- Born: Ulrich Richard Gustav Neisser December 8, 1928 Kiel, Schleswig-Holstein, Germany
- Died: February 17, 2012 (aged 83) Ithaca, New York, U.S.
- Education: Harvard University
- Scientific career
- Fields: Psychology
- Workplaces: Cornell University
- Thesis: A methodological study of the quantal hypathesis in auditory psychophysics (1956)

= Ulric Neisser =

German-American psychologist (1928–2012)

Ulric Richard Gustav Neisser (December 8, 1928 – February 17, 2012) was a German-American psychologist, Cornell University professor, and member of the US National Academy of Sciences. He has been referred to as the "father of cognitive psychology". Neisser researched and wrote about perception and memory. He posited that a person's mental processes could be measured and subsequently analyzed.

In 1967, Neisser published Cognitive Psychology, which he later said was considered an attack on behaviorist psychological paradigms. Cognitive Psychology brought Neisser instant fame and recognition in the field of psychology. While Cognitive Psychology was considered unconventional, it was Neisser's Cognition and Reality that contained some of his most controversial ideas. A main theme in Cognition and Reality is Neisser's advocacy for experiments on perception occurring in natural ("ecologically valid") settings. Neisser postulated that memory is, largely, reconstructed and not a snap shot of the moment. Neisser illustrated this during one of his highly publicized studies on people's memories of the Challenger explosion. In his later career, he summed up current research on human intelligence and edited the first major scholarly monograph on the Flynn effect. A Review of General Psychology survey, published in 2002, ranked Neisser as the 32nd most cited psychologist of the 20th century.

== Early life ==
Ulric Gustav Neisser was born in Kiel, Germany, on December 8, 1928. Neisser's father, Hans Neisser, was a distinguished Jewish economist. In 1923 he married Neisser's mother, Charlotte ("Lotte"), who was a lapsed Catholic active in women's movement in Germany and had a degree in sociology. Neisser also had an older sister, Marianne, who was born in 1924. Neisser was a chubby child tagged early on with the nickname with "Der kleine Dickie" ("little Dicky"), later reduced to "Dick". His given name originally had an "h" on the end (Ulrich), but he believed that it was too German and most of his friends could not properly pronounce it, so he eventually dropped the "h".

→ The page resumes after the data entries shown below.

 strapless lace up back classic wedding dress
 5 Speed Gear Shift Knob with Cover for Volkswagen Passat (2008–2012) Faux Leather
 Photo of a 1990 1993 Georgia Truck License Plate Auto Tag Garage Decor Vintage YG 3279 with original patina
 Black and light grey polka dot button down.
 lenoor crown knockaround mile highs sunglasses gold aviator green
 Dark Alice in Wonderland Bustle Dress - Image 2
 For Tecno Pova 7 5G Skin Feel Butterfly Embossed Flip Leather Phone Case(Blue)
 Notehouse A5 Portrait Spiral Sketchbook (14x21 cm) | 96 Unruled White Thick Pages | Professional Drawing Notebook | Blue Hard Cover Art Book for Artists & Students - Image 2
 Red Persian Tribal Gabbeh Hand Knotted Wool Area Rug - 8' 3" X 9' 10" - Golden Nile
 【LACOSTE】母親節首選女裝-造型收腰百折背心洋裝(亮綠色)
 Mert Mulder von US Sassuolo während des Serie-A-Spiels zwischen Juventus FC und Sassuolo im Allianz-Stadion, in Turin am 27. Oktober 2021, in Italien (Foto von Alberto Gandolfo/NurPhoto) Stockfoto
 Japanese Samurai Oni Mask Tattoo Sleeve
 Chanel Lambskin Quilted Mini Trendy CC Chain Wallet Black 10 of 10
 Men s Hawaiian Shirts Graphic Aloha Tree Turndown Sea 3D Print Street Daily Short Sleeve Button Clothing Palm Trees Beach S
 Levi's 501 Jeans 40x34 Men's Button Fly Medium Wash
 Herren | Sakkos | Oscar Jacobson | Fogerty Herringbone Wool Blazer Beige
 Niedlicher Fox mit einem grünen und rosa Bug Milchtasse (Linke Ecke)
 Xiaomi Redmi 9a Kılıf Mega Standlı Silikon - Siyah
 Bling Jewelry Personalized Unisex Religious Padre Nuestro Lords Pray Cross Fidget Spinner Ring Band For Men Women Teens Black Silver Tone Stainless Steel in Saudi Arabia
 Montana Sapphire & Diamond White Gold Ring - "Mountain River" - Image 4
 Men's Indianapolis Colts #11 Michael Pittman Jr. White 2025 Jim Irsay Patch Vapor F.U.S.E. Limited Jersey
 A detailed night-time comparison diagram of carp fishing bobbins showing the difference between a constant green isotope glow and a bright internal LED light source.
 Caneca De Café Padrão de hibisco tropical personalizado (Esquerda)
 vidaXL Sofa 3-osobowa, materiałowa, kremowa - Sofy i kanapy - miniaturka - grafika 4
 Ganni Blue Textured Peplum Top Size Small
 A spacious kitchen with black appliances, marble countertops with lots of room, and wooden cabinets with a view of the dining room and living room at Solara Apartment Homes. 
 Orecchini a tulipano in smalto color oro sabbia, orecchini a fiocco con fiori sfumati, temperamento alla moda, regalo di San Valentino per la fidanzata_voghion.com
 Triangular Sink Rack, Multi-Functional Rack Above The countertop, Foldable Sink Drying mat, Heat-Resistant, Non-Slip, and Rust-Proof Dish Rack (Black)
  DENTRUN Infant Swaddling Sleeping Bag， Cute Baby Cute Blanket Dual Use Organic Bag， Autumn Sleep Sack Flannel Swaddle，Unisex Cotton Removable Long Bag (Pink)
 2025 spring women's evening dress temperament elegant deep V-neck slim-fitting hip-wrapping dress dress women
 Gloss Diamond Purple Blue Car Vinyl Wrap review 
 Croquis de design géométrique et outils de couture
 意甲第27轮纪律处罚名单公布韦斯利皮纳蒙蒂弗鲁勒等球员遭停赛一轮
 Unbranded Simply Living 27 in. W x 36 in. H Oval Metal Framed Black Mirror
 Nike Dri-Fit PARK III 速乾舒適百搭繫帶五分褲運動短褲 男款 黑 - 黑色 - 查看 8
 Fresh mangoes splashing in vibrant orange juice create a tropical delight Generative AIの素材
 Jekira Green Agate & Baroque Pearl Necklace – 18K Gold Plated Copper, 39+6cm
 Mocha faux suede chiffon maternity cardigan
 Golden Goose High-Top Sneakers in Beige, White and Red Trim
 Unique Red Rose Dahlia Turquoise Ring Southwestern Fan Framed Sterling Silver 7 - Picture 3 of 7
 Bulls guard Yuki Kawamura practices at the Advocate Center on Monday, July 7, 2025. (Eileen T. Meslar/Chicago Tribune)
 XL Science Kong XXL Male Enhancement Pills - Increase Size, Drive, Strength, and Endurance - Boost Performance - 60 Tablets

Neisser's father foresaw Hitler's coming militarism and left Germany for England in 1933, followed a few months later by his family. They sailed to the United States on the ocean liner Hamburg, arriving in New York on September 15, 1933.

As he grew, Neisser sought to fit in and succeed in America. He took a particular interest in baseball, which is thought to have played an "indirect but important role in [his] psychological interests". Neisser's attraction to baseball alerted him to an idea that he would later call a "flashbulb memory".

== Education ==
Neisser attended Harvard University in the late 1940s, graduating in 1950 with a summa cum laude in psychology. He subsequently entered the master's program at Swarthmore College. Neisser wanted to attend Swarthmore College because that was where Wolfgang Kohler, one of the founders of Gestalt psychology, was a faculty member. Neisser has said that he had always been sympathetic to underdogs, due to boyhood experiences such as being picked last for a baseball team, and that this might have drawn him to Gestalt psychology, which was an underdog school of psychology at the time.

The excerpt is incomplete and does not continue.